HİKMET BAYDAR
Türkiye İstatistik Kurumu’nun 18 Mayıs 2021 tarihli bültenine göre, belediyeler tarafından verilen yapı ruhsatlarının 2021 yılının ilk üç ayında bir önceki yıla göre, bina sayısı yüzde 131.8, yüzölçümü yüzde 87.5, değeri yüzde 144.3, daire sayısı yüzde 105.6 arttı.
Son 3 yılın en iyi daire sayısı rakamına ulaşıldığını görüyoruz. Bir önceki yıla göre artış hızı yüzde 105.6. Yüzölçümü değerlerinde de son 3 yılın en iyi değeri yüzde 87.5 artışla yakalanmış durumda.
Bina sayısında bir önceki çeyreğe göre yüzde 131.8 artışla 32.832 değerine ulaşıldığını görüyoruz. Bir önceki çeyrekte bu rakam 14.165 idi. Diğer bir ilginç veri, değer değişimi. Bir önceki döneme göre değer değişimi yüzde 144.3 olarak gerçekleşti.
DEĞER ARTIŞI YÜZDE 144.3
Peki, bu istatistik verileri bize ne mesajlar veriyor?

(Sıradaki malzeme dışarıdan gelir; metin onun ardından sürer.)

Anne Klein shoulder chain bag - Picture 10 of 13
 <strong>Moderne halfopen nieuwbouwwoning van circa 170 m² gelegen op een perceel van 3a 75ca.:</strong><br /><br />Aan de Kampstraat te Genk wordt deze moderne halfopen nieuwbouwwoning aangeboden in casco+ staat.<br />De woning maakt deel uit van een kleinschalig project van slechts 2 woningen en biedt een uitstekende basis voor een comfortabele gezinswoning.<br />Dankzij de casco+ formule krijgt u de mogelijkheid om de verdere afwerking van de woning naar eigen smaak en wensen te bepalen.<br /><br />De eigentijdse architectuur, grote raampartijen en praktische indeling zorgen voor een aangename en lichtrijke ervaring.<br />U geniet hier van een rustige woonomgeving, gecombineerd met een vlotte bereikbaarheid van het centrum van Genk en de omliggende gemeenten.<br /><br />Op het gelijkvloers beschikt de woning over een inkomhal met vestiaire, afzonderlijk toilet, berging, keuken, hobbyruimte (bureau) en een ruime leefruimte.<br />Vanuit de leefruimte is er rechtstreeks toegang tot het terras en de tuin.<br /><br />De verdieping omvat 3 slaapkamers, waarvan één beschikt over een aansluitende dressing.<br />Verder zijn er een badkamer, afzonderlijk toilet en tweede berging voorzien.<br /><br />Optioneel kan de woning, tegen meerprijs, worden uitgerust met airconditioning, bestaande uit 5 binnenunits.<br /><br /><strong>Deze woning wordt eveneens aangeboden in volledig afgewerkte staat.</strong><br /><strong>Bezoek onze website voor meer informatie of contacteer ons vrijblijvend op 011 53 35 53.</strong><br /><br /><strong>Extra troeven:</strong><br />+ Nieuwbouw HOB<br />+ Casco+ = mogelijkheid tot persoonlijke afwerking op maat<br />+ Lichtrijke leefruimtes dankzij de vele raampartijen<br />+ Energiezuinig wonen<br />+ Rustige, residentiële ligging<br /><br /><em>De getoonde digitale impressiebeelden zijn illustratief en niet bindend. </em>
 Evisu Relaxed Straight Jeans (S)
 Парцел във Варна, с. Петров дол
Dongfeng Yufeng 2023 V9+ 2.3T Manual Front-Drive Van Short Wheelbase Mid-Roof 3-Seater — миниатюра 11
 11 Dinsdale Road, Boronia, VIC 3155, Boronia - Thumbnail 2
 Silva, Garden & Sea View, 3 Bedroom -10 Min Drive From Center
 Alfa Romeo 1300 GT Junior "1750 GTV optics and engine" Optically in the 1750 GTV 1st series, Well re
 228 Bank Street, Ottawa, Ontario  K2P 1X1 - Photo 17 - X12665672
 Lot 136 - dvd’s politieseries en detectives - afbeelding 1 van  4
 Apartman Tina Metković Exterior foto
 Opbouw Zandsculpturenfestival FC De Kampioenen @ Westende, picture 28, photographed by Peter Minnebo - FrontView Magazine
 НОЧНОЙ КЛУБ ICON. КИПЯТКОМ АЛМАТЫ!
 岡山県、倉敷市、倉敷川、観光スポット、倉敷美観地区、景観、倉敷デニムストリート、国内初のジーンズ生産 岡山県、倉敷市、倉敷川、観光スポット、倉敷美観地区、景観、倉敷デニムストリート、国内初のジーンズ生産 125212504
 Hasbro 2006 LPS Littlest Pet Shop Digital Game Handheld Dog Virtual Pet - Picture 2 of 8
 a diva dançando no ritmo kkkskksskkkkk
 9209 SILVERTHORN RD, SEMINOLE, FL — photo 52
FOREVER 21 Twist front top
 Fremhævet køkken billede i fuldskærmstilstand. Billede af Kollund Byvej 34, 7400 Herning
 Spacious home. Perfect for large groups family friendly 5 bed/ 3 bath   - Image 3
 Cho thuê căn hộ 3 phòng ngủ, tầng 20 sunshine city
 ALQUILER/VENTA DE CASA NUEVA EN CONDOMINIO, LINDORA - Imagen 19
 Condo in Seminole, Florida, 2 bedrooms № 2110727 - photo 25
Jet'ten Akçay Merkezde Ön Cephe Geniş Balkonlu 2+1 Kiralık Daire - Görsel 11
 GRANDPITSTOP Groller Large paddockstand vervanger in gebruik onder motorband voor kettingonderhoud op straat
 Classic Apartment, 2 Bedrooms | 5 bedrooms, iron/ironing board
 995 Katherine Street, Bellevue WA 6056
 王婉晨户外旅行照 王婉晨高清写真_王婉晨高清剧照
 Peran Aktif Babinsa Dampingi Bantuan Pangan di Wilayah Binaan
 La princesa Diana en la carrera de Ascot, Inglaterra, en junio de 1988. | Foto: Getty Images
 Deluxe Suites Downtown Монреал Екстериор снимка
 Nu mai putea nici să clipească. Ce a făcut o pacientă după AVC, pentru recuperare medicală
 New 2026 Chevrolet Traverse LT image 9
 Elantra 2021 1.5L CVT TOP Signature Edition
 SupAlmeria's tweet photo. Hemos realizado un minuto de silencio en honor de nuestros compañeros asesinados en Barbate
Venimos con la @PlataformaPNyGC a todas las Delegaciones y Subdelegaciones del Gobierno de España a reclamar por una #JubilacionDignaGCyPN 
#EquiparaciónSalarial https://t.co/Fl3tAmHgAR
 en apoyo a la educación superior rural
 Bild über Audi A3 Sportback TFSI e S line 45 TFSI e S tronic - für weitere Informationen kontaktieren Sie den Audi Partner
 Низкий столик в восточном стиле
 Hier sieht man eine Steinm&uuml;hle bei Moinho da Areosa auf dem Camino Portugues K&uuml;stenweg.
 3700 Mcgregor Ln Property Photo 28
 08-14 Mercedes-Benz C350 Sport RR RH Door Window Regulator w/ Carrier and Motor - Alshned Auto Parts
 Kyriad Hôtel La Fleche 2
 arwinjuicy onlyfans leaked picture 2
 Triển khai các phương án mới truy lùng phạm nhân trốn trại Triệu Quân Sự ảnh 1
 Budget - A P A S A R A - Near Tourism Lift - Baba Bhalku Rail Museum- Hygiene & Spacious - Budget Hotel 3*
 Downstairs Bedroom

Bina sayısı yüzde 131.8, daire sayısı yüzde 105.6 oranında artarken, yüzölçümün yüzde 87.5 artması, bir önceki döneme göre daha küçük yüzölçüme sahip bina ve dairelerin yapı ruhsatının alındığını gösteriyor. Değer artışının yüzde 144.3 artması ise dikkat çekici. Bu durum bize daha küçük dairelerin yapılmasına rağmen değerinin önemli oranda arttığını gösteriyor. Bu değer değişimi, piyasanın canlılığıyla alakalı değil. Daha çok inşaat malzeme değer değişimi ile yani maliyet enflasyonuyla ilgili.
Buradan inşaat sektörünün geniş ve büyük dairelerden daha küçük dairelere yöneldiğini, ancak maliyetlerden kaynaklanan bir fiyat yükselişiyle de karşı karşıya olduğunu söyleyebiliriz. Yüksek malzeme fiyatları mevcut sermayeyi eritiyor. Aynı parayla daha küçük işler yapılabilir.
Dolayısıyla, yeni inşaat maliyetleri, özellikle hammadde fiyat artışlarından dolayı oldukça yüksek seyredecek gibi görünüyor. 11 Aralık 2020 tarihli yazımızın son bölümünde verdiğimiz mesaj aynen gerçekleşmiştir. O zaman verdiğimiz mesaj, “Talep daralması ve gelen yüksek maliyet ile fiyatlara karşı senaryosunu iyi hazırlayamayanlar, gelecekte ciddi sorunlarla karşı karşıya kalabilir” idi. Şimdi artan maliyetlerle daha küçük daireler daha pahalı yapılabilir.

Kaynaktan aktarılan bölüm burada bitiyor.